LA PAZ (Reuters) – Bolivian President Evo Morales agreed on Sunday to hold new presidential elections at the recommendation of the Organization of American States (OAS), but opposition figures called on him to give up his candidacy and resign.
Bolivia’s President Evo Morales addresses the media at the presidential hangar in the Bolivian Air Force terminal in El Alto, Bolivia, November 10, 2019. REUTERS/Carlos Garcia Rawlins
The OAS, which conducted an audit of the disputed Oct. 20 election, issued a report earlier on Sunday that found serious irregularities in the vote won by the leftist leader.
Morales’ victory last month sparked widespread protests around the country.
The OAS report said the October vote should be annulled after it had found “clear manipulations” of the voting system that meant it could not verify Morales’ victory, a lead of just over 10 points over his rival Carlos Mesa.
Morales, speaking at a press conference in La Paz, also said he would replace the country’s electoral body. The department has come under heavy criticism after an unexplained halt to the vote count sparked widespread allegations of fraud and prompted the OAS audit.
When questioned about whether he would be a candidate in the new election, Morales told a local radio station that “the candidacies must be secondary; what comes first is to pacify Bolivia,” adding that he has a constitutional duty to finish his term.
The election turmoil has rattled Morales, a survivor of Latin America’s leftist “pink tide” two decades ago, while shaking faith in the stability of Bolivia’s democracy. The crisis threatens to topple the leftist icon at a time when left-leaning leaders have returned to power in Mexico and Argentina.
Mesa said Morales and Vice President Alvaro Garcia Linera should not preside over the electoral process or be candidates.
“If you have an iota of patriotism, you should step aside,” Mesa said in a press conference.
Luis Fernando Camacho, a civic leader from the eastern city of Santa Cruz who has become a symbol of the opposition, said the OAS report clearly demonstrated election fraud and reiterated his call for Morales to resign. He said he plans to carry a pre-written resignation letter for Morales to sign to the government palace.
“Today a battle was won, but we will reconfigure the constitutional order and democracy, and only when we can be sure that democracy is solid, will we go home,” Camacho said to a crowd of cheering supporters in La Paz.
Morales, who came to power in 2006 as Bolivia’s first indigenous leader, has defended his election win but had said he would adhere to the findings of the OAS audit.

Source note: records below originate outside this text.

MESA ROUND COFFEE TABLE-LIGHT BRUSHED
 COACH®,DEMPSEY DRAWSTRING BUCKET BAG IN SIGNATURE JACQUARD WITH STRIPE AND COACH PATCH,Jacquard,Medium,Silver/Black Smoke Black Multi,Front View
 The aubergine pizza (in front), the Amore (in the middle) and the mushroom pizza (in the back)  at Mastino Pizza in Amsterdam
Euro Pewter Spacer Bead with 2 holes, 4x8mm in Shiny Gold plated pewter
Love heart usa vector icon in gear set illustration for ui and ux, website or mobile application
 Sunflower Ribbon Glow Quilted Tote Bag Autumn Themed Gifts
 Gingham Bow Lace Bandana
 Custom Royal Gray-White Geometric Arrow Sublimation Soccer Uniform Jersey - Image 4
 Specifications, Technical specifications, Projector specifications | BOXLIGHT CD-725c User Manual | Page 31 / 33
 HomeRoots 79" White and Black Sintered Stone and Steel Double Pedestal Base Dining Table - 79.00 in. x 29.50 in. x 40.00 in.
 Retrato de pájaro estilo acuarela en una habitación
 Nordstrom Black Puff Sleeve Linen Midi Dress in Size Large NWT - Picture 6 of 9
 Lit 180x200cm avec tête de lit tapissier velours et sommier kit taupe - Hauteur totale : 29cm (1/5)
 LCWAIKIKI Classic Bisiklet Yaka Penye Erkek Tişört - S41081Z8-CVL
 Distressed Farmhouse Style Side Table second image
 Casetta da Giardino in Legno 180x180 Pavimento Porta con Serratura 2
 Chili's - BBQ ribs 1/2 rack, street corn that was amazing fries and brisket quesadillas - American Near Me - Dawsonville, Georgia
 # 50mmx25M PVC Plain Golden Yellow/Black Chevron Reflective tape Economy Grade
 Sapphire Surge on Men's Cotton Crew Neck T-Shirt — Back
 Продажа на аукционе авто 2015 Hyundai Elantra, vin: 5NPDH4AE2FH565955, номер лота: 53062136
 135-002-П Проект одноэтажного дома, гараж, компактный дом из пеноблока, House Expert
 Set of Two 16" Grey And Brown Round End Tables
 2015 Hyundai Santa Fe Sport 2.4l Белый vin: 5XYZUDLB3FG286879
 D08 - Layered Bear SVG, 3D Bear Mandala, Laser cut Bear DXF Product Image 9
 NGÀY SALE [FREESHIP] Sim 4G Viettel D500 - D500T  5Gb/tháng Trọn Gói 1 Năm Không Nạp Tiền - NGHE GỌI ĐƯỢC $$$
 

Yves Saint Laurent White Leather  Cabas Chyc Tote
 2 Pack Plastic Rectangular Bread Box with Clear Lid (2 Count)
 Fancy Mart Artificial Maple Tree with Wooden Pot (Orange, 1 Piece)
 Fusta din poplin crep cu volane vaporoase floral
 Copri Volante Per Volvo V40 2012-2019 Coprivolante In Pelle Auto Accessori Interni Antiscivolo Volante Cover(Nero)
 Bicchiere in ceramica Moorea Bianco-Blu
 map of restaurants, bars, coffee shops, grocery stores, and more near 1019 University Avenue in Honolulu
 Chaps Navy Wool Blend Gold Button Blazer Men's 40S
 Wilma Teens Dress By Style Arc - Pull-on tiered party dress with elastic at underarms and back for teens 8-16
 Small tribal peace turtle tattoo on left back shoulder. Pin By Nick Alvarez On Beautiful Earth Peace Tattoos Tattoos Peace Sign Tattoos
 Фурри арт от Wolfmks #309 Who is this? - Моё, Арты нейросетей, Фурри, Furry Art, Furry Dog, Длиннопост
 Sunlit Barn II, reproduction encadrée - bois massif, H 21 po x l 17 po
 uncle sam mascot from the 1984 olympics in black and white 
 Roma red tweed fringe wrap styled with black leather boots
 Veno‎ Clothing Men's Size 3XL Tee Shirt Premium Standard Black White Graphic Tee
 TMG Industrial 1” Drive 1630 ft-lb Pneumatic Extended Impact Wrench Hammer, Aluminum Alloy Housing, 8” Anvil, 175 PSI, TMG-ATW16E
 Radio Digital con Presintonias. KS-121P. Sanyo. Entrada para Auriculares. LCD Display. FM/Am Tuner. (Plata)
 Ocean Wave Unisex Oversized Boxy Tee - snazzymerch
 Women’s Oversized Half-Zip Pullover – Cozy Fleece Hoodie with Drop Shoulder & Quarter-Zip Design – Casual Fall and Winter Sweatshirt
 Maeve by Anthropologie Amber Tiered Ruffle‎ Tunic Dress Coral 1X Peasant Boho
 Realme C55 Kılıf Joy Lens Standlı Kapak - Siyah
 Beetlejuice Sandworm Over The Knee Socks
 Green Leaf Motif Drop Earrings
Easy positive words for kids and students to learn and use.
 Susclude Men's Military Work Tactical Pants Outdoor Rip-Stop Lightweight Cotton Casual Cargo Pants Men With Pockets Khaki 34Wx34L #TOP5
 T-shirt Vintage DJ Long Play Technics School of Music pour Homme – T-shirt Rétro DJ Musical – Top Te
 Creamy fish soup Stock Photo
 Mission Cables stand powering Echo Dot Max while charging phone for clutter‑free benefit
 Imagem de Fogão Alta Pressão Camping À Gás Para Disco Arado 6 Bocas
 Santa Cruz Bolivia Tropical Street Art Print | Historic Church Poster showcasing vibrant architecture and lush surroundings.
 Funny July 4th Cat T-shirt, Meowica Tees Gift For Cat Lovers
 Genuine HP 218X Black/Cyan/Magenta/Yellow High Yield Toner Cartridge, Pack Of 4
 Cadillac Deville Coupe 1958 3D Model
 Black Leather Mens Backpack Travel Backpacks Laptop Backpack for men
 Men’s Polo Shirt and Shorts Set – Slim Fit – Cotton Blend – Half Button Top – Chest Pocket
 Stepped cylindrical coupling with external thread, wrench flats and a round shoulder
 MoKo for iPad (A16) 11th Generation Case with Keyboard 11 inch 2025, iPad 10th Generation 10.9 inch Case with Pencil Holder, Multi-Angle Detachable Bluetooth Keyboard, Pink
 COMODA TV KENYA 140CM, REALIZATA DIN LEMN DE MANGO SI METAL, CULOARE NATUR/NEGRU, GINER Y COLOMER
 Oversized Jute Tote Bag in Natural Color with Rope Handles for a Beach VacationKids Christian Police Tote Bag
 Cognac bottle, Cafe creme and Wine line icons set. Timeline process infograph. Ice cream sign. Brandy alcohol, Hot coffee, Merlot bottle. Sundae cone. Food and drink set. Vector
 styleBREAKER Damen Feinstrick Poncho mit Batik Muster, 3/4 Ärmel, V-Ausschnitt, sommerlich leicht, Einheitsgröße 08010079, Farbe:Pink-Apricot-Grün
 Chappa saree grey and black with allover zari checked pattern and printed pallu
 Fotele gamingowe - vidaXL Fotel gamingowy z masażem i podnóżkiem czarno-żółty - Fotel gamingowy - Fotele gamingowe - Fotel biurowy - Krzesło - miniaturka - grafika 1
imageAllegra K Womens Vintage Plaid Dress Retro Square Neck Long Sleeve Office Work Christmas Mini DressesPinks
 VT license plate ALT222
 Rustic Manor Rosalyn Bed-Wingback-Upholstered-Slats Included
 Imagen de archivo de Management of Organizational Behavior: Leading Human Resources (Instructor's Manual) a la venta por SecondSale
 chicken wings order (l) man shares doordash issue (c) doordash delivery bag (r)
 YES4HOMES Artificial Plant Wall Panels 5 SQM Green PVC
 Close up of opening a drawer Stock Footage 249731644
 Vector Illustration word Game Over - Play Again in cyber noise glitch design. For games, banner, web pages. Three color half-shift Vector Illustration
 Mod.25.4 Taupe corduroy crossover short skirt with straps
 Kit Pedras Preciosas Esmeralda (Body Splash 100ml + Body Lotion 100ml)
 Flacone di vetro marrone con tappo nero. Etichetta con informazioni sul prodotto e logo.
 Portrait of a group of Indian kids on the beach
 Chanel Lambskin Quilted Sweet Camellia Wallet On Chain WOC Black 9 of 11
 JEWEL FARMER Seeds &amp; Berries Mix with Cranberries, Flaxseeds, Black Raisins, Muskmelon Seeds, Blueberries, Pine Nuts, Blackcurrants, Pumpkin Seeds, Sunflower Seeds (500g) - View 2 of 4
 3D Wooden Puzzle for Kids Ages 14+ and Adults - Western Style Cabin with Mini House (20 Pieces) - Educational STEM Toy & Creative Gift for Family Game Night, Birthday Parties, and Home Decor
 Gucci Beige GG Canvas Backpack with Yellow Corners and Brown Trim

The weeks-long standoff over the disputed election escalated over the weekend as police forces were seen joining anti-government protests and the military said it would not “confront the people” over the issue.
“The manipulations to the computer systems are of such magnitude that they must be deeply investigated by the Bolivian State to get to the bottom of and assign responsibility in this serious case,” the preliminary OAS report said.
“The first round of the elections held on October 20 must be annulled and the electoral process must begin again,” the OAS added in a separate statement.
Voting should take place as soon as conditions are in place to guarantee it being able to go ahead, including a newly composed electoral body, the OAS said.
The OAS added that it was statistically unlikely that Morales had secured the 10-percentage point margin of victory needed to win outright.